Page MenuHomePhabricator

Create a utility that lists all databases of a user
Closed, ResolvedPublic

Description

I would like a utility available for Labs users (and admins) that lists all database objects that a (Unix) user may have on tools-db or (one of) the replica servers.

This is useful for admins when deleting a tool to see where data needs to be deleted.

Event Timeline

scfc raised the priority of this task from to Lowest.
scfc updated the task description. (Show Details)
scfc added a project: Toolforge.
scfc moved this task to Ready to be worked on on the Toolforge board.
scfc added subscribers: scfc, yuvipanda, coren, Springle.

First stab:

#!/usr/bin/perl -w

use strict;
use warnings;

use Data::Dumper;
use DBI;

my @servers = ('10.64.37.4', '10.64.37.5', '10.64.37.9', '10.64.4.11');
my %users = ('s12345' => 'password');

foreach my $user (keys (%users)) {
    foreach my $server (@servers) {
        print Dumper $user, $server;
        my $db = DBI->connect ("DBI:mysql:database=mysql;host=$server;mysql_read_default_group=client", $user, $users {$user}) or die "error: $DBI::errstr";
        my $s = $db->prepare ('SHOW GRANTS;') or die ($db->errstr ());
        $s->execute () or die ($db->errstr ());
        my @databases;
        while (my $r = $s->fetchrow_arrayref ()) {
            my $GrantStatement = $r->[0];
            if ($GrantStatement eq 'GRANT SELECT, SHOW VIEW ON `%_p`.* TO \'' . $user . '\'@\'%\'') {
                next;
            } elsif ($GrantStatement =~ /^GRANT SHOW VIEW ON *.* TO '\Q$user\E'\@'%' IDENTIFIED BY PASSWORD '\*[0-9A-F]{40}'$/) {
                next;
            } elsif ($GrantStatement =~ /^GRANT ALL PRIVILEGES ON `([^`]+)`.* TO '\Q$user\E'\@'%' WITH GRANT OPTION$/) {
                push (@databases, $1);
            } else {
                die ("Can't parse $GrantStatement");
            }
        }
        # print Dumper \@databases;
        $s = $db->prepare ('SHOW DATABASES LIKE ?;') or die ($db->errstr ());
        foreach my $pattern (@databases) {
            $s->execute ($pattern) or die ($db->errstr ());
            while (my $r = $s->fetchrow_arrayref ()) {
                print Dumper $r;
            }
        }
        # die;
    }
}

Worked AFAICS.

Let's not use perl please. I'd rather not have any more perl in our ops/puppet repo than we already do (And I think @mark agrees).
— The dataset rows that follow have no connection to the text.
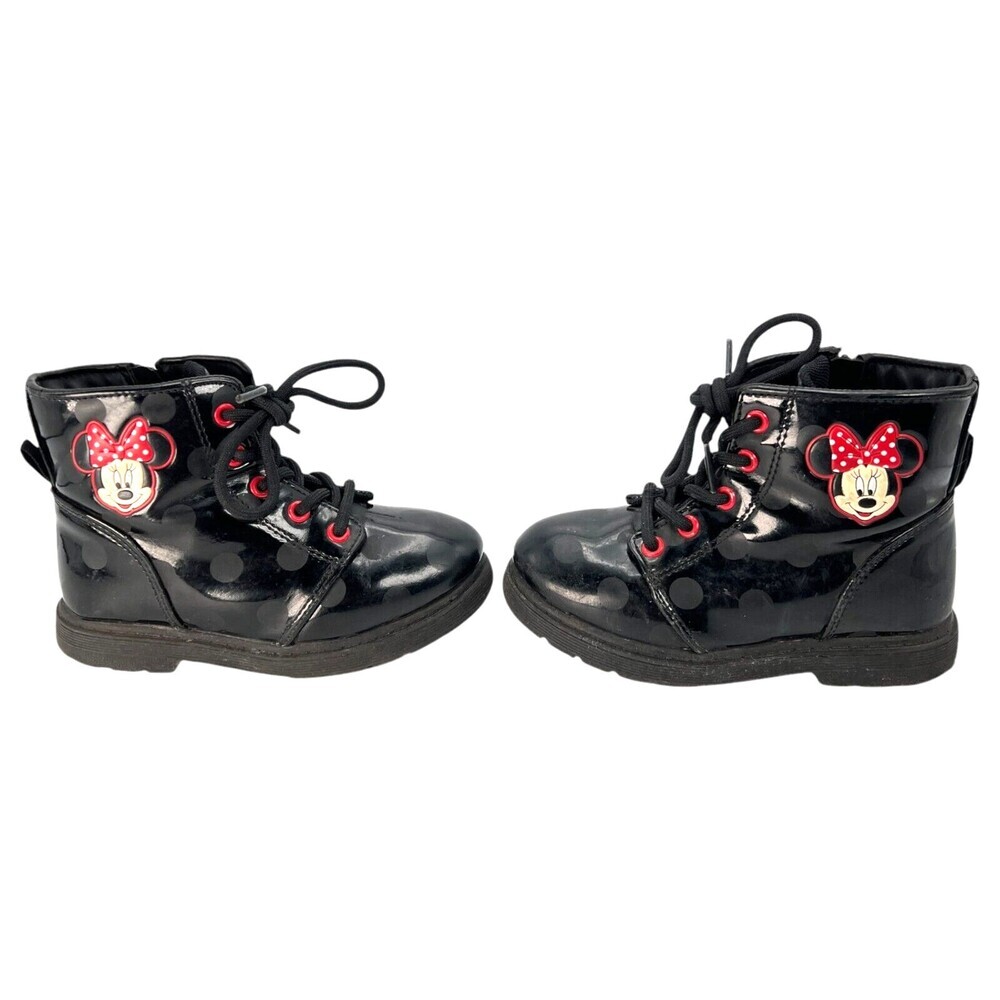 Baby Girl’s Boots Toddler Size 10 Month Black Red Disney Minnie Mouse Zipper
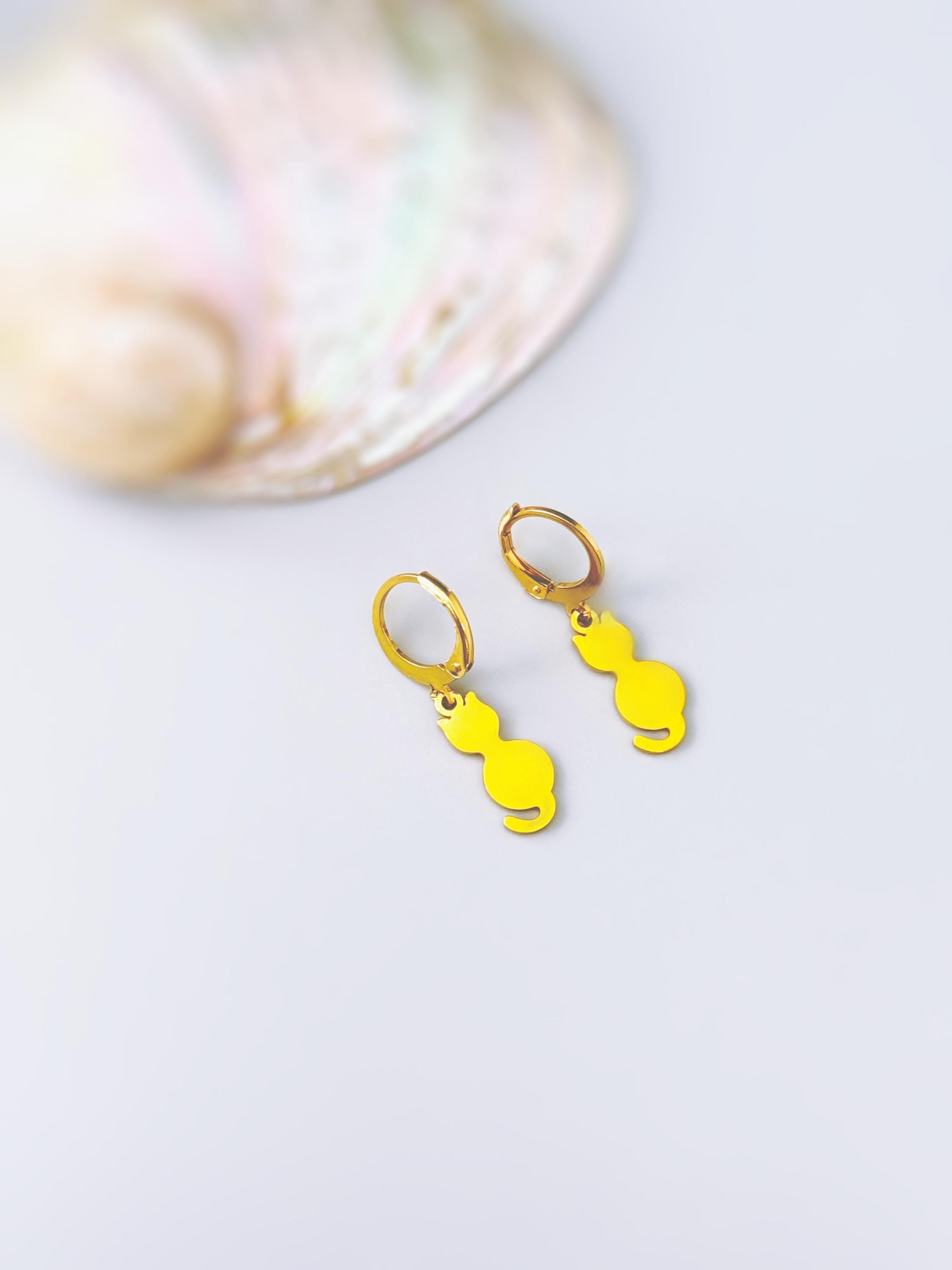 Dainty Cat Earrings dangle gold Huggie Hoops handmade silver kitten jewelry unique gift for cat moms, animal lovers veterinarians, vet techs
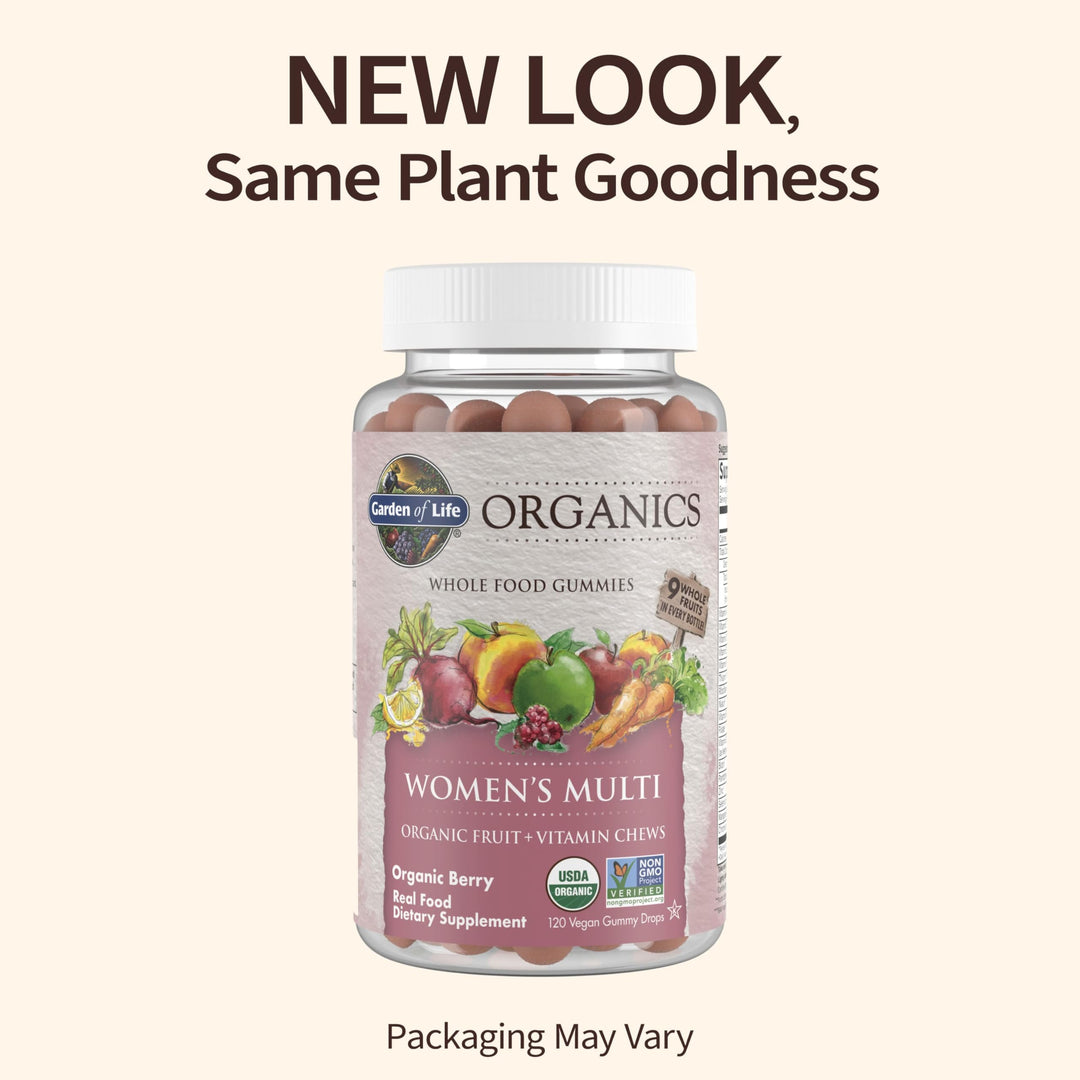 Organics Women&#39;s Gummy Vitamins - Berry - Certified Organic, Non-GMO, Vegan, Kosher Complete Multi - Methyl B12, C &amp; D3 - Gluten, Soy &amp; Dairy Free, 120 Real Fruit Gummies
Let's not use perl please. I'd rather not have any more perl in our ops/puppet repo than we already do (And I think @mark agrees).

If I could upvote this comment I would.

Let's not use perl please. I'd rather not have any more perl in our ops/puppet repo than we already do (And I think @mark agrees).

That's not meant to be added to that repository. I just wanted to get T91740 resolved, and as no Pythonists stood up to the challenge in the past fortnight, I had to do that myself :-). It's more of a proof-of-concept, and because I don't know MySQL by heart, I'm interested if besides the SHOW GRANTS approach there are other ways to find out if a user has created databases/tables. I'm totally impartial to the way the SQL commands are fed to the database servers.

:) cool! I'll see if I can port this to python and put it in the package at some point - think this will be useful in the future as well.

Eh, the translation isn't that complicated so that I couldn't do that myself :-). But that only makes sense after the proper way to solve the problem has been determined.

IDK how unix users map to db users, but user databases are all prefixed by the db-user name (which is enforced by that third grant statement you're parsing) so I expect your SHOW DATABASES statement will always end up as:

show databases like '${user}\_%';

Optionally use information_schema to avoid logging in as the user:

select schema_name from information_schema.schemata where schema_name regexp '^${user}_');

Users on replicas also have GRANT OPTION which I expect means someone will inevitably have done something custom that will confuse your script and hit the die() block. I havn't checked the situation on tools-db. Ultimately you may not get anything more accurate or reliable than these simple queries.

IDK how unix users map to db users [...]

FWIW, the mapping is straightforward: non-service-group users are mapped to uX and service group users are mapped to sX where X is the numerical user ID.

That said, there remains a handful of databases that date from the much older period when the naming scheme was different because user IDs weren't guaranteed to be unique accross project and those are pXgY where X is the /project's/ group ID and Y is the service group ID. All of those are reasonably mappable to unambiguous regular expressions.

The legacy databases are the ones I was concerned about and caused me to not take any short cuts; the "something custom" bit reinforced that now :-). My initial motivation was to find out if tool X has not stored anything on a database server and can be deleted without remorse; so false positives are much less of a problem than false negatives.

I'll mold the first part (list the database objects) into a Python script and submit that; after that I'll take a look at the dumping part (probably just need to spawn mysqldumps).

Change 234934 had a related patch set uploaded (by Tim Landscheidt):
Add list-user-databases command

https://gerrit.wikimedia.org/r/234934

scfc renamed this task from Create a utility that dumps all databases of a user to Create a utility that lists all databases of a user.Feb 1 2016, 4:11 AM
scfc updated the task description. (Show Details)
scfc set Security to None.

Narrowed the scope down to listing all databases of a user; this is my real-life use case.

Change 234934 merged by Tim Landscheidt:
Add list-user-databases command

https://gerrit.wikimedia.org/r/234934

scfc claimed this task.
scfc removed a project: Patch-For-Review.